## What you are asked to do
Here are some records; return them all exactly.

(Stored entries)

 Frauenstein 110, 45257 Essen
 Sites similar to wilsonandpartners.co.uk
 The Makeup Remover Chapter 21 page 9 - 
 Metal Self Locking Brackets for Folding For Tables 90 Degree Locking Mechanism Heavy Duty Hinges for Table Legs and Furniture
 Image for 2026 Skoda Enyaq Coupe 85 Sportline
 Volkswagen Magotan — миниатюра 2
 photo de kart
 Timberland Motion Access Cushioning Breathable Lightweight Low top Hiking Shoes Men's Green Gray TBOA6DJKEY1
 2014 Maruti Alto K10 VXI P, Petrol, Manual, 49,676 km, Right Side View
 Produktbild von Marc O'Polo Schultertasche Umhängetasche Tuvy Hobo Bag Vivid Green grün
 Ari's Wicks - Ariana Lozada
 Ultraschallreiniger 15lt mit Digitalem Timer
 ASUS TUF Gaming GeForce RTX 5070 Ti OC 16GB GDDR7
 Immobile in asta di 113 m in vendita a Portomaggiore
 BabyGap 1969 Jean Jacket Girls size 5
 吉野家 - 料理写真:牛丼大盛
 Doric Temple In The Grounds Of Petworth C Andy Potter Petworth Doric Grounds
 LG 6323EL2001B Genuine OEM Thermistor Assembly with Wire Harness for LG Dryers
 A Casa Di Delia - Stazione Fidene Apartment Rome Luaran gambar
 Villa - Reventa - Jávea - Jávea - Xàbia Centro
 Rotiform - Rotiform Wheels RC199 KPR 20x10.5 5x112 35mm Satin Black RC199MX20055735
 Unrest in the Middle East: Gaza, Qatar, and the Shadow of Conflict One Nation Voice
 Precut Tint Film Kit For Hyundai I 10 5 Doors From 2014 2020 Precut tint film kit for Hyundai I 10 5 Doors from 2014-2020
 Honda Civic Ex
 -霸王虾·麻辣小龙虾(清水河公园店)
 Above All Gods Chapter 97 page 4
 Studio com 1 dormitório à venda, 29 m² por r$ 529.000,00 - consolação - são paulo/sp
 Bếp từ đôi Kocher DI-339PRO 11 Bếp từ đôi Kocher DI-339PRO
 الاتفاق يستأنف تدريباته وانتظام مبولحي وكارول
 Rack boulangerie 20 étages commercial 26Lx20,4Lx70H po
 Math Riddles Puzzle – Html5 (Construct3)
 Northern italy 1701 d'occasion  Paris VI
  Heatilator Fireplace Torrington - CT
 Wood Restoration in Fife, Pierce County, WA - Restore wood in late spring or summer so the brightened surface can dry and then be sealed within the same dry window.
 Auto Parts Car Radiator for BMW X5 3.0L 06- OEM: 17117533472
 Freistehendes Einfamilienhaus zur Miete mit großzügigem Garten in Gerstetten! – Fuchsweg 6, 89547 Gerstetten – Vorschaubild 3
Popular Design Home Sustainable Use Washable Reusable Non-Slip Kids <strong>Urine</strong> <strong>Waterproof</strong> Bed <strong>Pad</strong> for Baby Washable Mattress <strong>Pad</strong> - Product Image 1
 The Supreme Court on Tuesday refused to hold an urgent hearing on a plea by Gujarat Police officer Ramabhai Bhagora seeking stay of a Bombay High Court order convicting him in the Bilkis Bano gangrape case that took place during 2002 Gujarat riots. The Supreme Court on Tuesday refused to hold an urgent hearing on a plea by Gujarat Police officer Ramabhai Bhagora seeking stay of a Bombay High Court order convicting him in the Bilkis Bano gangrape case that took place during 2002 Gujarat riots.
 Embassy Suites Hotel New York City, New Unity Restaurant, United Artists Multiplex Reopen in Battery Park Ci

## Solution for this problem
 Frauenstein 110, 45257 Essen
 Sites similar to wilsonandpartners.co.uk
 The Makeup Remover Chapter 21 page 9 - 
 Metal Self Locking Brackets for Folding For Tables 90 Degree Locking Mechanism Heavy Duty Hinges for Table Legs and Furniture
 Image for 2026 Skoda Enyaq Coupe 85 Sportline
 Volkswagen Magotan — миниатюра 2
 photo de kart
 Timberland Motion Access Cushioning Breathable Lightweight Low top Hiking Shoes Men's Green Gray TBOA6DJKEY1
 2014 Maruti Alto K10 VXI P, Petrol, Manual, 49,676 km, Right Side View
 Produktbild von Marc O'Polo Schultertasche Umhängetasche Tuvy Hobo Bag Vivid Green grün
 Ari's Wicks - Ariana Lozada
 Ultraschallreiniger 15lt mit Digitalem Timer
 ASUS TUF Gaming GeForce RTX 5070 Ti OC 16GB GDDR7
 Immobile in asta di 113 m in vendita a Portomaggiore
 BabyGap 1969 Jean Jacket Girls size 5
 吉野家 - 料理写真:牛丼大盛
 Doric Temple In The Grounds Of Petworth C Andy Potter Petworth Doric Grounds
 LG 6323EL2001B Genuine OEM Thermistor Assembly with Wire Harness for LG Dryers
 A Casa Di Delia - Stazione Fidene Apartment Rome Luaran gambar
 Villa - Reventa - Jávea - Jávea - Xàbia Centro
 Rotiform - Rotiform Wheels RC199 KPR 20x10.5 5x112 35mm Satin Black RC199MX20055735
 Unrest in the Middle East: Gaza, Qatar, and the Shadow of Conflict One Nation Voice
 Precut Tint Film Kit For Hyundai I 10 5 Doors From 2014 2020 Precut tint film kit for Hyundai I 10 5 Doors from 2014-2020
 Honda Civic Ex
 -霸王虾·麻辣小龙虾(清水河公园店)
 Above All Gods Chapter 97 page 4
 Studio com 1 dormitório à venda, 29 m² por r$ 529.000,00 - consolação - são paulo/sp
 Bếp từ đôi Kocher DI-339PRO 11 Bếp từ đôi Kocher DI-339PRO
 الاتفاق يستأنف تدريباته وانتظام مبولحي وكارول
 Rack boulangerie 20 étages commercial 26Lx20,4Lx70H po
 Math Riddles Puzzle – Html5 (Construct3)
 Northern italy 1701 d'occasion  Paris VI
  Heatilator Fireplace Torrington - CT
 Wood Restoration in Fife, Pierce County, WA - Restore wood in late spring or summer so the brightened surface can dry and then be sealed within the same dry window.
 Auto Parts Car Radiator for BMW X5 3.0L 06- OEM: 17117533472
 Freistehendes Einfamilienhaus zur Miete mit großzügigem Garten in Gerstetten! – Fuchsweg 6, 89547 Gerstetten – Vorschaubild 3
Popular Design Home Sustainable Use Washable Reusable Non-Slip Kids <strong>Urine</strong> <strong>Waterproof</strong> Bed <strong>Pad</strong> for Baby Washable Mattress <strong>Pad</strong> - Product Image 1
 The Supreme Court on Tuesday refused to hold an urgent hearing on a plea by Gujarat Police officer Ramabhai Bhagora seeking stay of a Bombay High Court order convicting him in the Bilkis Bano gangrape case that took place during 2002 Gujarat riots. The Supreme Court on Tuesday refused to hold an urgent hearing on a plea by Gujarat Police officer Ramabhai Bhagora seeking stay of a Bombay High Court order convicting him in the Bilkis Bano gangrape case that took place during 2002 Gujarat riots.
 Embassy Suites Hotel New York City, New Unity Restaurant, United Artists Multiplex Reopen in Battery Park Ci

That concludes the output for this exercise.